» Task item: Scan the records below for the line containing "tablette d'ordinateur avec" and the line containing "Бившият шеф <span". Copy both, plus every line between, exactly.
##### Data for processing #####
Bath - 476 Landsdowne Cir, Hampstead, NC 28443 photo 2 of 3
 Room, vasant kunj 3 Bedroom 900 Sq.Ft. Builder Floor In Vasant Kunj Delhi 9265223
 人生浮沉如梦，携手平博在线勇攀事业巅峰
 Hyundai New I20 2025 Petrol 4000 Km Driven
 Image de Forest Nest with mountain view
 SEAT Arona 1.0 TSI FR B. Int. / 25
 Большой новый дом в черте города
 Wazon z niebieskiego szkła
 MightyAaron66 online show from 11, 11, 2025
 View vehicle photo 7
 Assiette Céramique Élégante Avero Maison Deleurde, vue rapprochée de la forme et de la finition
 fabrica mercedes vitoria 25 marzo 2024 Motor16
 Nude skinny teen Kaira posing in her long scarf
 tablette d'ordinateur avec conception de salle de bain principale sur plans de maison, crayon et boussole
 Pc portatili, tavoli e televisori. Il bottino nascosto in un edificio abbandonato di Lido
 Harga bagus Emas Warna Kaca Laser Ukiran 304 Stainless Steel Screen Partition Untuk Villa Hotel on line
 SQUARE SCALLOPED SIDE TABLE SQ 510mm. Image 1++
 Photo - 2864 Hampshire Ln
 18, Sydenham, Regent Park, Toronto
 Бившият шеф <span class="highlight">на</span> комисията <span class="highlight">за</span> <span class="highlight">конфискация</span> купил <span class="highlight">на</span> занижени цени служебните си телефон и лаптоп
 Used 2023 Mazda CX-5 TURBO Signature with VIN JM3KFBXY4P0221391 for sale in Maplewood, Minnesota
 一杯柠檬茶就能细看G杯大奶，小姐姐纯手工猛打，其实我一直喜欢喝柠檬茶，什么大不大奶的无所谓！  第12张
#####
» Solution to this exercise:
 tablette d'ordinateur avec conception de salle de bain principale sur plans de maison, crayon et boussole
 Pc portatili, tavoli e televisori. Il bottino nascosto in un edificio abbandonato di Lido
 Harga bagus Emas Warna Kaca Laser Ukiran 304 Stainless Steel Screen Partition Untuk Villa Hotel on line
 SQUARE SCALLOPED SIDE TABLE SQ 510mm. Image 1++
 Photo - 2864 Hampshire Ln
 18, Sydenham, Regent Park, Toronto
 Бившият шеф <span class="highlight">на</span> комисията <span class="highlight">за</span> <span class="highlight">конфискация</span> купил <span class="highlight">на</span> занижени цени служебните си телефон и лаптоп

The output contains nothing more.